Em sua análise, Moraes ressaltou que a legislação garante o direito à saúde das pessoas que se encontram em situação de prisão, o que fundamentou sua autorização para o tratamento psicológico. Atualmente, Heleno cumpre prisão domiciliar em caráter humanitário, uma condição que foi estabelecida no final de 2025.

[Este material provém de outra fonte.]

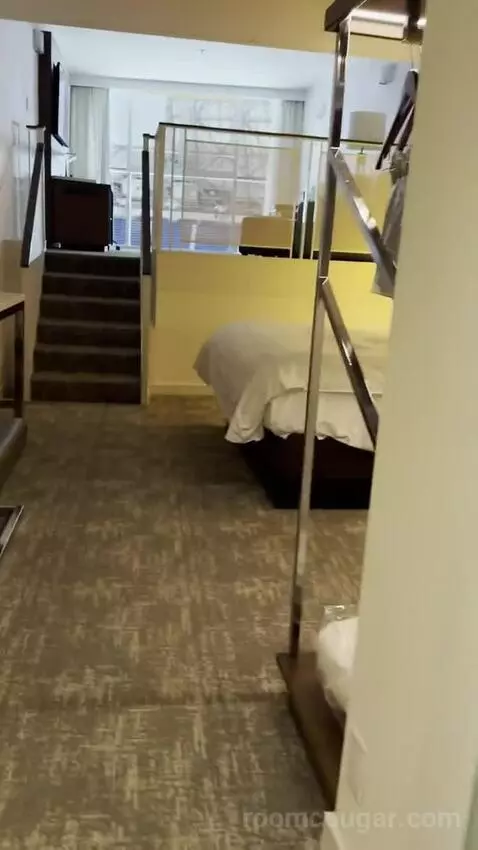 Junior Suite bed picture #3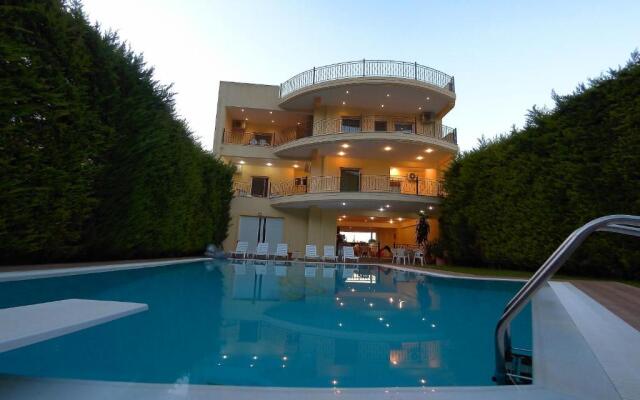 Diamond Apartments
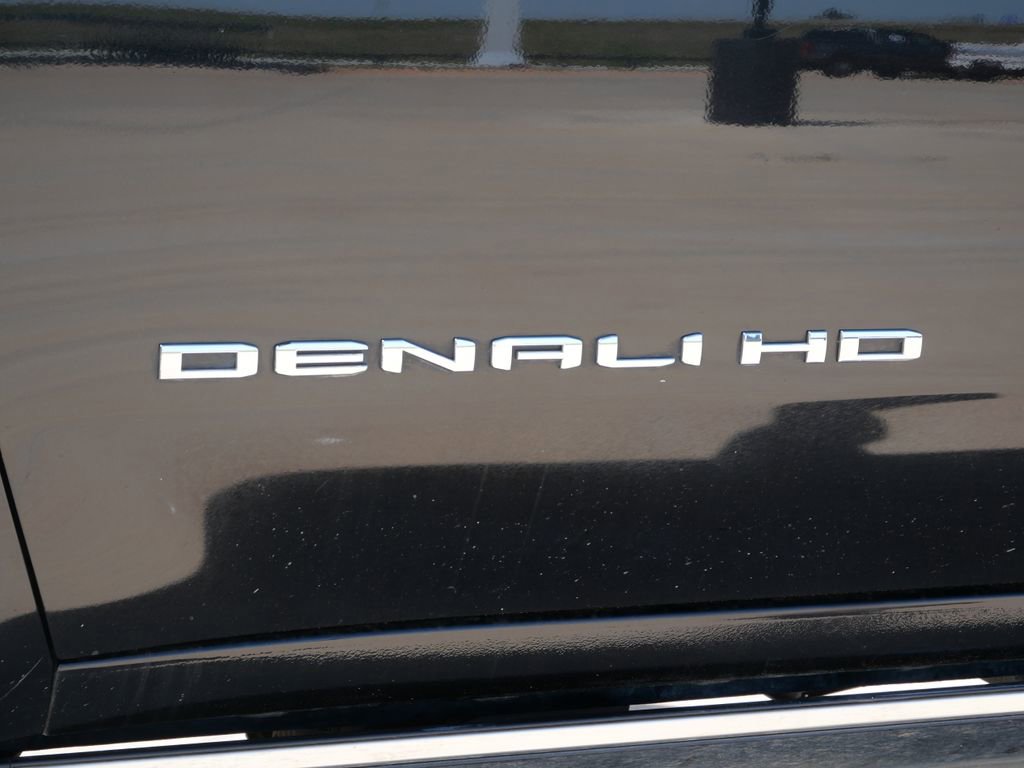 Used 2023 GMC Sierra 2500 Denali w/ Denali Black Diamond Edition image 13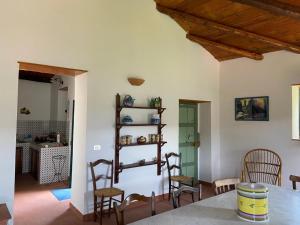 uma sala de estar com uma mesa e cadeiras e um quarto com uma mesa em Casa Tamurrà em Galati Mamertino
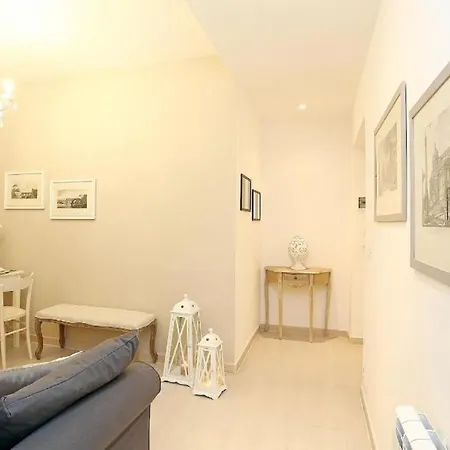 Dimora Frattina Pensión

Além da questão legal, o estado de saúde do general foi um fator determinante para a decisão. Uma perícia realizada por profissionais designados pelo STF revelou que Heleno apresenta um diagnóstico de estágio inicial de demência, que inclui Alzheimer. Essa condição médica foi levada em consideração por Moraes ao avaliar o pedido de acompanhamento psicológico.
A situação do general é complexa, uma vez que ele foi condenado a mais de 21 anos de prisão. A condenação resulta de sua suposta participação em uma tentativa de golpe de Estado, no mesmo processo que envolveu outros réus, incluindo Jair Bolsonaro e o general Walter Braga Netto.
A autorização para o acompanhamento psicológico reflete não apenas a preocupação com a saúde mental do ex-ministro, mas também o compromisso do STF em garantir os direitos dos detentos, mesmo em casos de condenações severas. A medida pode ser vista como uma resposta às necessidades humanas básicas, independentemente das circunstâncias legais em que se encontram os indivíduos.